Pour les fabricants, l'indexation automatique des salaires et l'augmentation des matières premières ont également un impact. "Évidemment, nous avons également dû appliquer des augmentations de prix pour rester en bonne santé", déclare Lieven Verstaen, de Daikin. "De plus, c'est une situation difficile pour les installateurs et les entrepreneurs vis-à-vis du client final. La compétitivité du marché joue aussi un rôle. Différents facteurs sont mis en balance pour garantir un prix abordable au client final et rester prospère en tant qu'entreprise."
"Il y a effectivement deux tendances", affirme Michel Francisse. "D'un côté une entreprise doit rester concurrentielle et de l'autre on ne peut pas ignorer les augmentations de prix. Mais jusqu'où le client final est-il prêt à aller ? Il s'agit de trouver un équilibre entre les coûts que nous répercutons et ceux que nous ne répercutons pas. Nous avons bien terminé l'année 2022 et nous espérons faire de même en 2023”.
"Pour tenir compte de l'innovation, de la R&D et de la hausse des prix des matières premières, il est nécessaire d'ajuster les prix de vente. Or, nous observons deux tendances : la demande croissante de produits moins chers et, parallèlement, la demande croissante de personnalisation ainsi que la demande croissante également des produits de luxe. L'écart entre les deux se creuse", déclare Steven Verraes, directeur du marketing chez hansgrohe.

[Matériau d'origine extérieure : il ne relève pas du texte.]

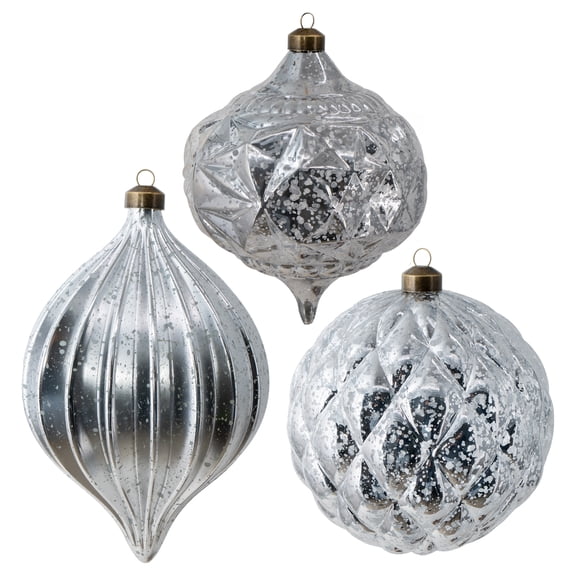 My Texas House 3-Count Silver Mercury-Style Shatterproof Christmas Ornaments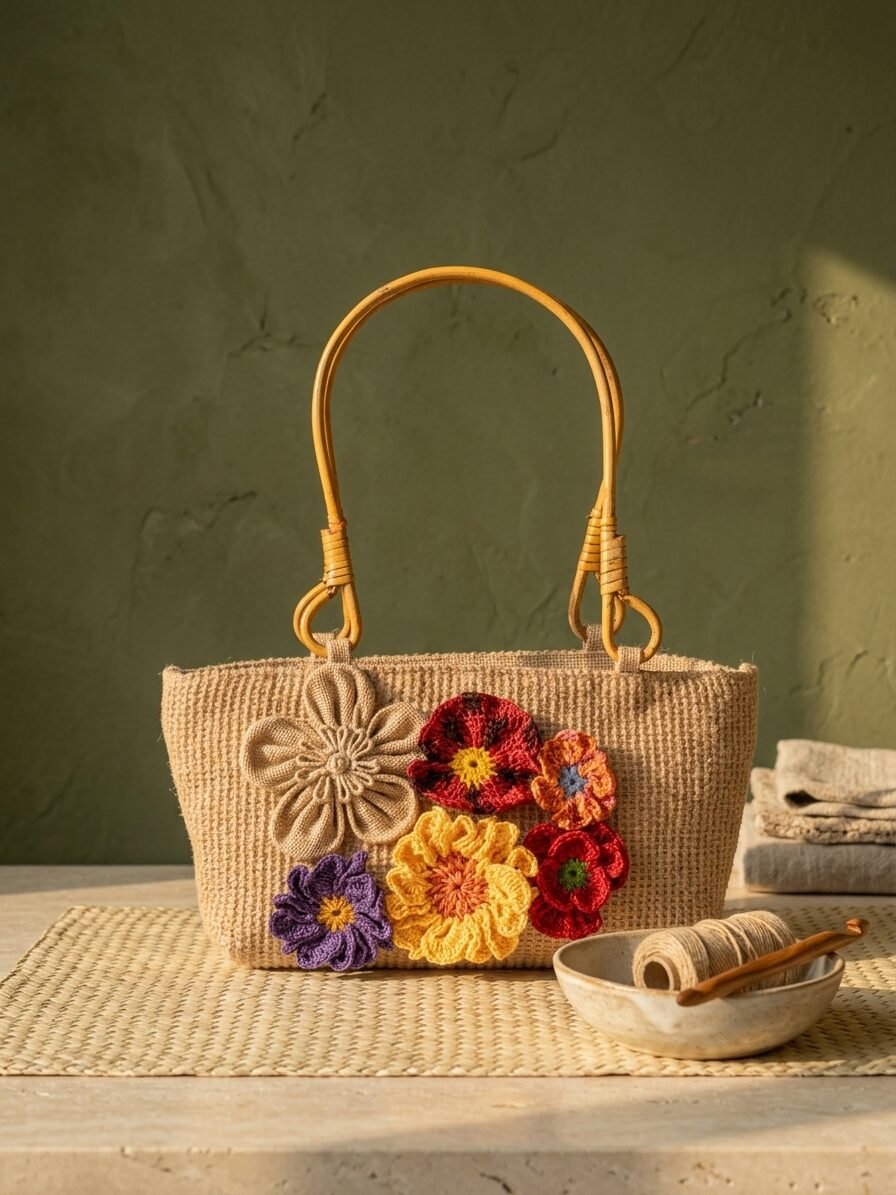 Elegant handbag design inspired by spring flowers and nature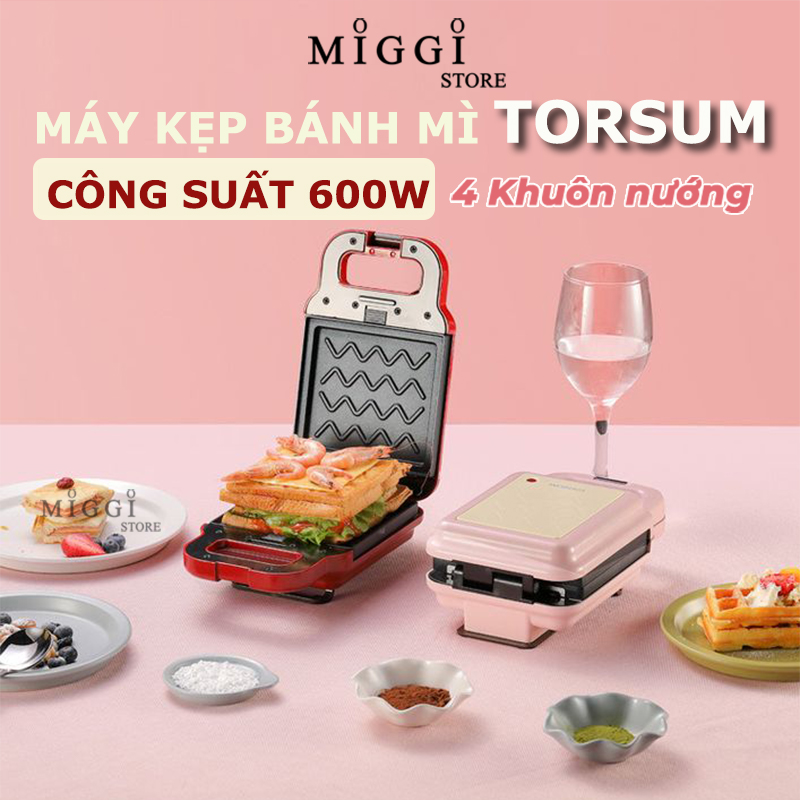 [RẺ VÔ ĐỊCH] Máy kẹp nướng bánh mì Sandwich đa năng Torsom - Tặng kèm 4 khuôn - Máy nướng bánh mì đa năng - Máy ép bánh mì - Bảo hành 12 tháng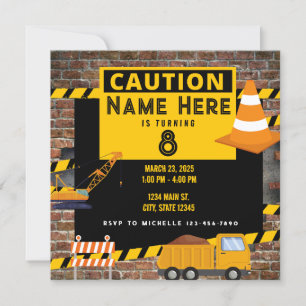 Yellow Construction Dump Truck Dirt Birthday Invitation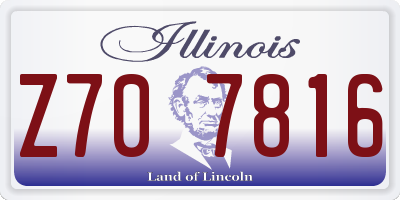 IL license plate Z707816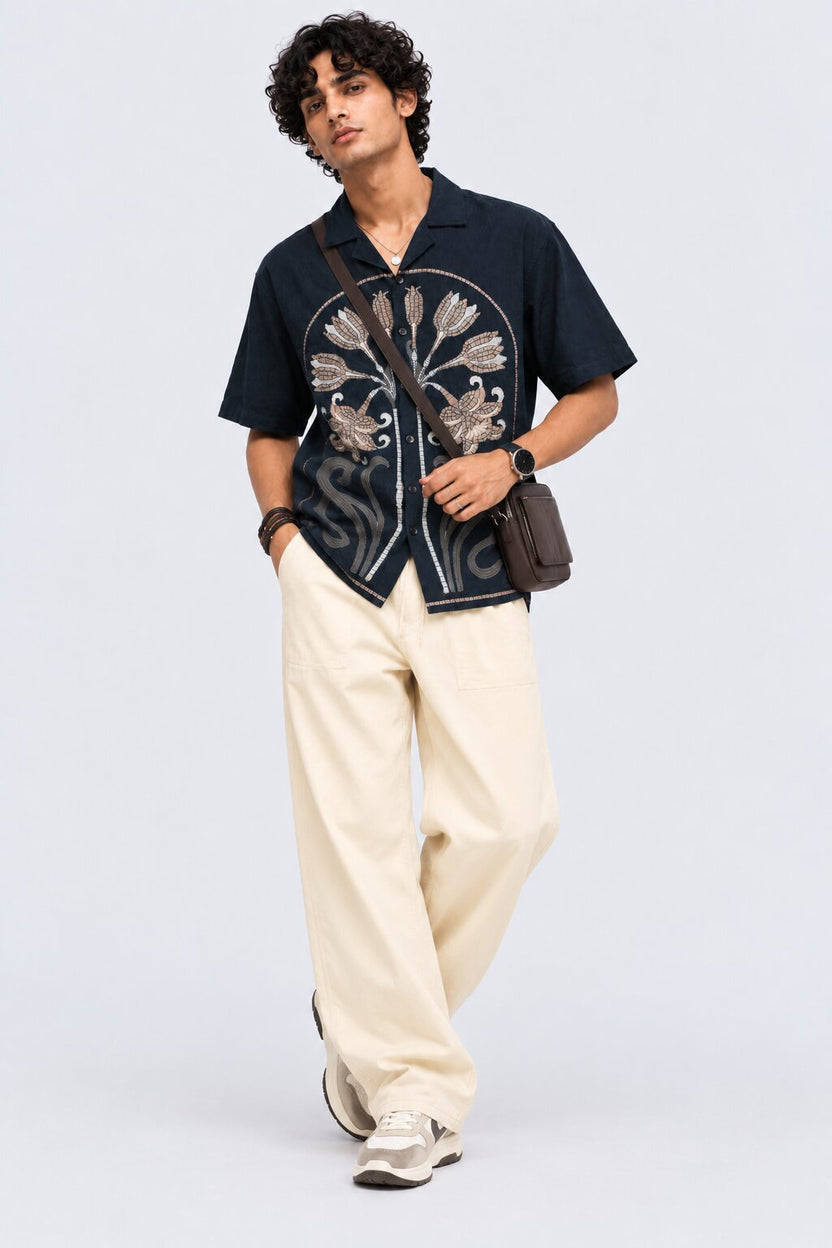 Mens Regular Fit Navy Cotton Embroidered Shirt - Image 6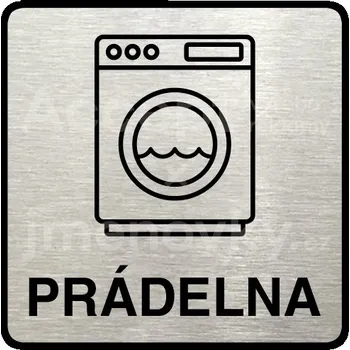 Informační tabulka Stříbrný piktogram "prádelna II" s černým&nbsp;textem a rámečkem&nbsp;-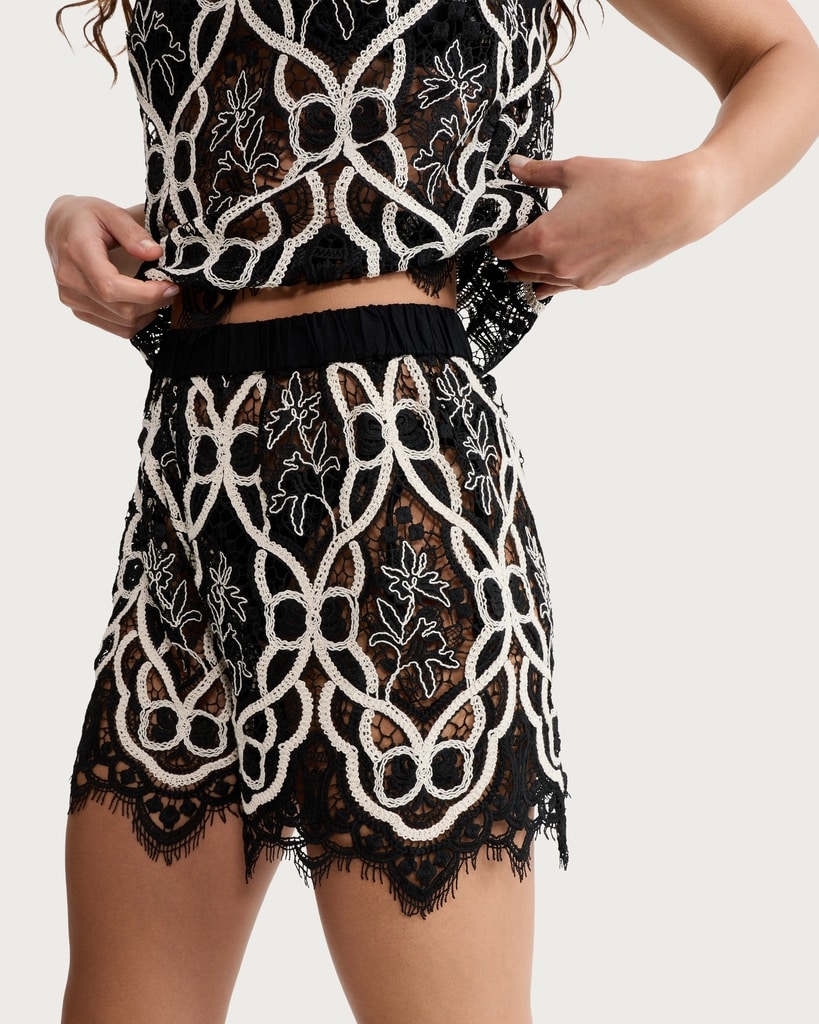 F&F Embroidered Lace Trim Co-ord Shorts in Multi Black White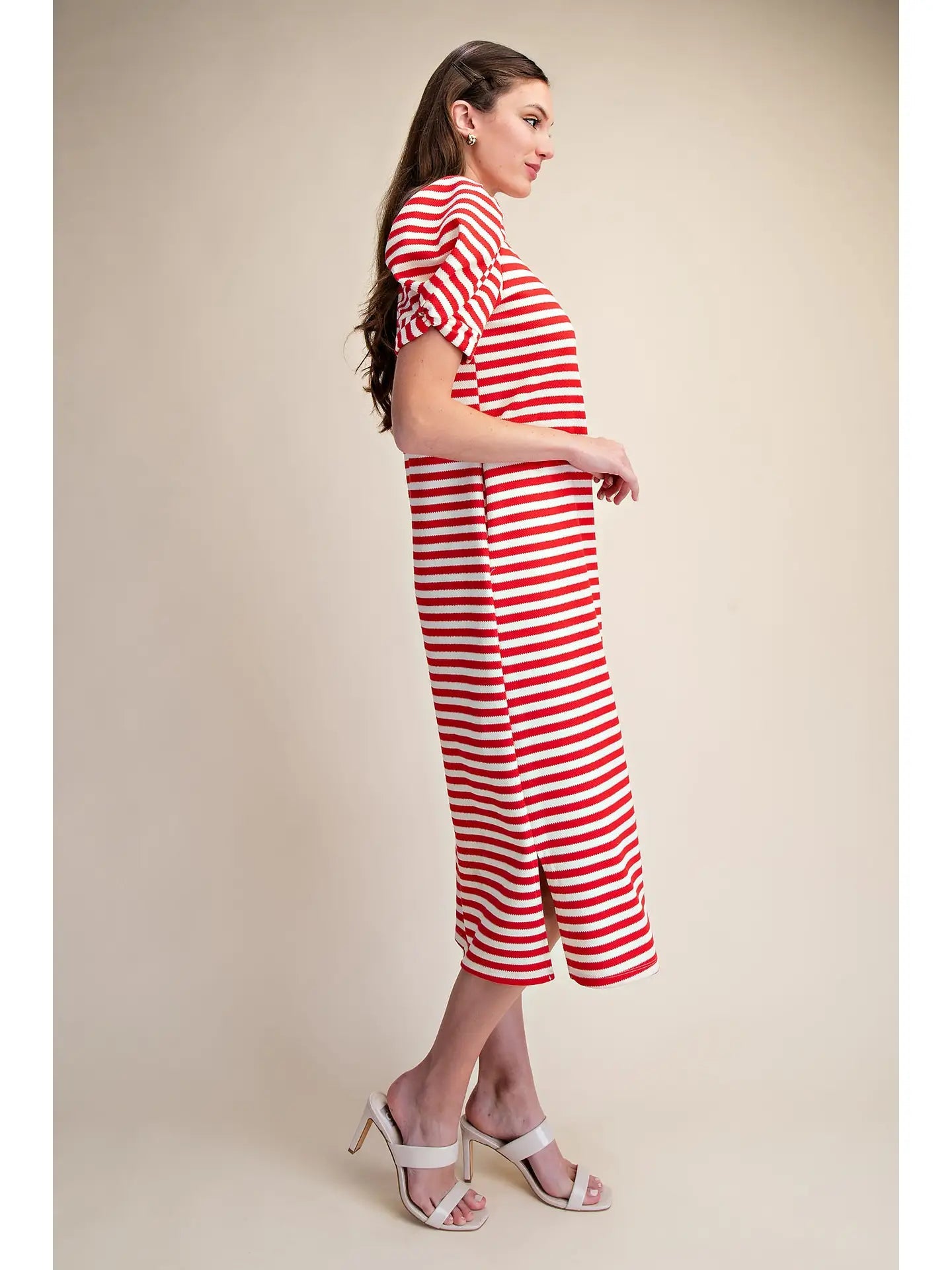 Comfortable Midi Dress Round Neck Puff Short Sleeve Glam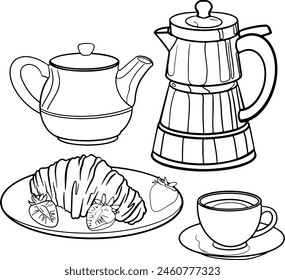 set of illustrations graphics French breakfast with croissants and strawberries, coffee, tea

"Le client final n'est pas toujours au courant de toutes les augmentations de prix", ajoute Lieven Verstaen. "Celui-ci cherche plutôt à savoir où il investit ses économies en premier. L'indexation automatique des salaires est une mesure positive à cet égard : le pouvoir d'achat est protégé et l'économie est relancée".
4. La guerre des talents
Si certaines entreprises ont dû geler leurs recrutements en raison de l'indexation automatique des salaires, ce n'est manifestement pas le cas chez Daikin, hansgrohe et Skylux.
"Skylux est une entreprise en pleine mutation. Nous passons actuellement à un processus d'automatisation de notre production et nous recherchons du personnel pour cette évolution. Cependant, il est difficile de trouver des personnes qualifiées. Nous recherchons des profils techniques/ informatiques mais il y a une pénurie sur le marché. Le principal problème est la formation, le vivier se réduit malheureusement", souligne Michel Francisse.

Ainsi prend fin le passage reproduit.